There is no way to avoid conflict in your marriage. The question is: How will you deal with it?
By Dennis Rainey
Few couples like to admit it, but conflict is common to all marriages. We have had our share of conflict and some of our disagreements have not been pretty. We could probably write a book on what not to do!
Start with two selfish people with different backgrounds and personalities. Now add some bad habits and interesting idiosyncrasies, throw in a bunch of expectations, and then turn up the heat a little with the daily trials of life. Guess what? You are bound to have conflict. It’s unavoidable.
Since every marriage has its tensions, it isn’t a question of avoiding them but of how you deal with them. Conflict can lead to a process that develops oneness or isolation. You and your spouse must choose how you will act when conflict occurs.
Step One: Resolving conflict requires knowing, accepting, and adjusting to your differences.
One reason we have conflict in marriage is that opposites attract. Usually a task-oriented individual marries someone who is more people-oriented. People who move through life at breakneck speed seem to end up with spouses who are slower-paced. It’s strange, but that’s part of the reason why you married who you did. Your spouse added a variety, spice, and difference to your life that it didn’t have before.
But after being married for a while (sometimes a short while), the attractions become repellents. You may argue over small irritations—such as how to properly squeeze a tube of toothpaste—or over major philosophical differences in handling finances or raising children. You may find that your backgrounds and your personalities are so different that you wonder how and why God placed you together in the first place.
It’s important to understand these differences, and then to accept and adjust to them. Just as Adam accepted God’s gift of Eve, you are called to accept His gift to you. God gave you a spouse who completes you in ways you haven’t even learned yet.
We were no exception. Perhaps the biggest adjustment we faced early in our marriage grew out of our differing backgrounds. I grew up in Ozark, Missouri, a small town in the southwestern corner of the “Show-Me” state. Barbara grew up in a country club setting near Chicago and later in Baytown, Texas. Barbara came into our marriage a refined young lady. I was a genuine hillbilly.
It was as though we came from two different countries with totally different traditions, heritages, habits, and values. The differences became apparent early in our marriage. Take furniture, for example. Barbara had an Ethan Allen dream book and she was always looking at it. It was full of things made of solid cherry, solid walnut, solid mahogany. It was nothing for chairs to cost $189.95—per leg.

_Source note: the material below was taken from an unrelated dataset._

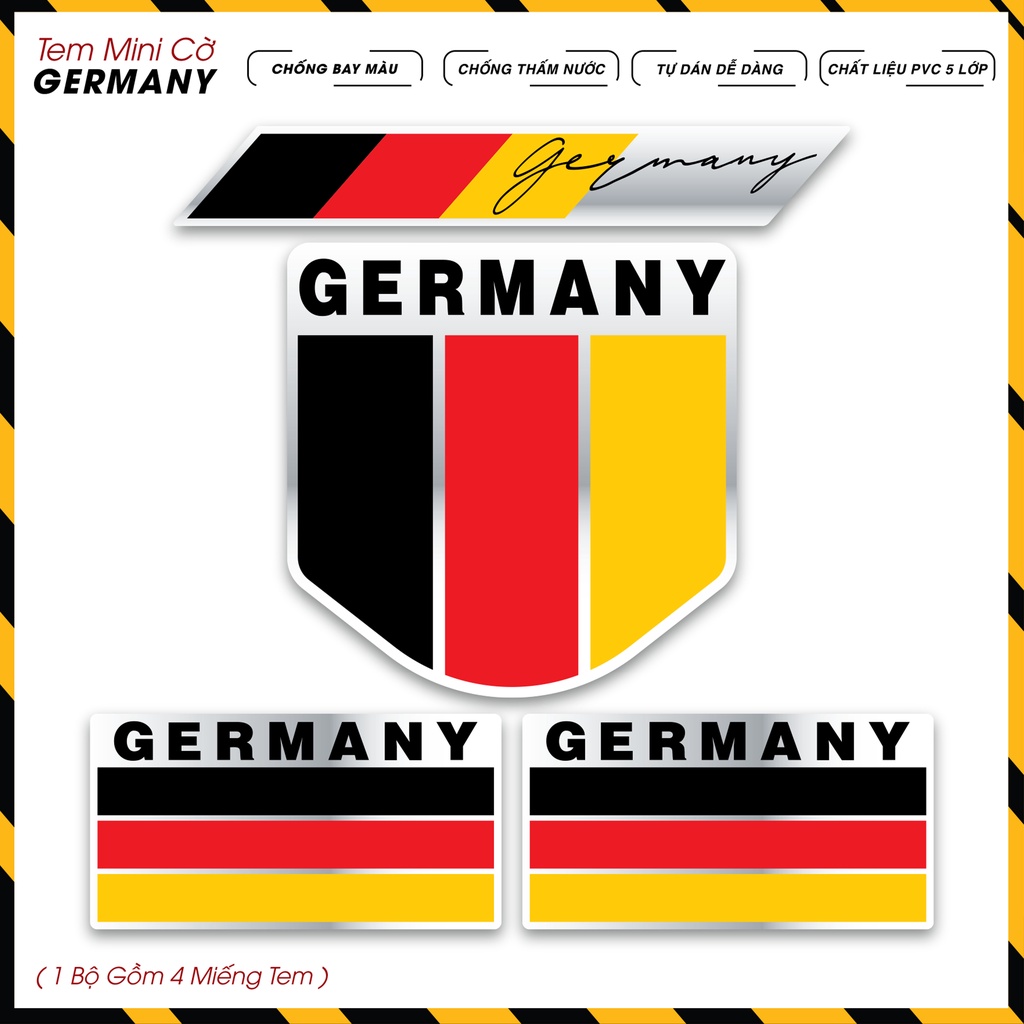 Sticker Logo Cờ Đức Dán Xe Máy, Xe Điện, Nón Bảo Hiểm | MN05GERMANY | Chất Liệu Tem Chống Nước, Bền Màu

I didn’t understand why she wanted to go buy this kind of stuff when, in southwest Missouri, you could go to K-Mart and get a formica table with chrome legs and six chairs! And for a lot less than $189.95. You can eat off that kind of table for years and it will never show any wear.
So how did we compromise? We bought an antique and I was expected to refinish it—which created an opportunity for another major difference in our backgrounds to surface. Barbara’s father was an engineer. He was mechanically gifted, can fix anything, and actually enjoys it. I’m convinced he have fixed a nuclear reactor.
My dad had a background in sales. Fixing things was not his idea of fun. If bailing wire or a little duct tape wouldn’t work, he usually called the plumber or whatever repairman was necessary.
And so there we were, just married, with an antique table that needed refinishing. I went at it reluctantly, but I got it done. In some ways it saved our marriage in the early going.
Step Two: Resolving conflict requires defeating selfishness.
All of our differences are magnified in marriage because they feed what is undoubtedly the biggest source of our conflict—our selfish, sinful nature.
Maintaining harmony in marriage has been difficult since Adam and Eve. Two people beginning their marriage together and trying to go their own selfish, separate ways can never hope to experience the oneness of marriage as God intended. The prophet Isaiah portrayed the problem accurately more than 2,500 years ago when he described basic human selfishness like this: “All we like sheep have gone astray; we have turned—everyone—to his own way” (Isaiah 53:6). We are all self-centered; we all instinctively look out for number one, and this leads directly to conflict.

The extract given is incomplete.